Highly monodispersed Ag embedded SiO2 nanostructured thin film for sensitive SERS substrate: growth, characterization and detection of dye molecules

Abstract

Highly monodispersed Ag embedded SiO₂ nanostructured thin films are synthesized and their sensitivity towards SERS investigated. The possible mechanism for the formation of a highly monodispersed SiO₂ nanostructured thin film and its self-assembled nanogap with Ag are discussed. It is found that the architecture of Ag embedded SiO₂ (Ag@SiO₂) are drastically influenced by precursor concentration and the reaction time. The morphology and monodispersity of the silica thin film were confirmed using FESEM and AFM. The crystallinity and existence of Ag on SiO₂ were confirmed using XRD and XPS. The substrate shows enhanced SERS efficiency due to the reduced size (around 15 nm) of the Ag nanoparticles and the nano gap of (below 3 nm) between SiO₂ and Ag.

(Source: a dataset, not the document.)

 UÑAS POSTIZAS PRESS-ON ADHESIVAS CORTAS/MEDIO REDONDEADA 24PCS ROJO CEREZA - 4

Based on the FDTD (finite-difference time-domain) simulation, the creation of hotspots was confirmed for the obtained nanogap. The prepared thin film possesses strong Surface Plasmon Resonance (SPR) with widely tunable peaks between 407–430 nm in the UV visible spectrum. The Ag@SiO₂ nanosphere-based SERS platform provides highly enhanced effects and reveals a reproducible enhancement (EF = 7.79 × 10⁸) of R6G (Rhodamine 6G), allowing a detection limit from a 10–18 mol L⁻¹ solution. The prepared substrate was also used to detect trace levels of melamine from a 10–8 mol L⁻¹ solution.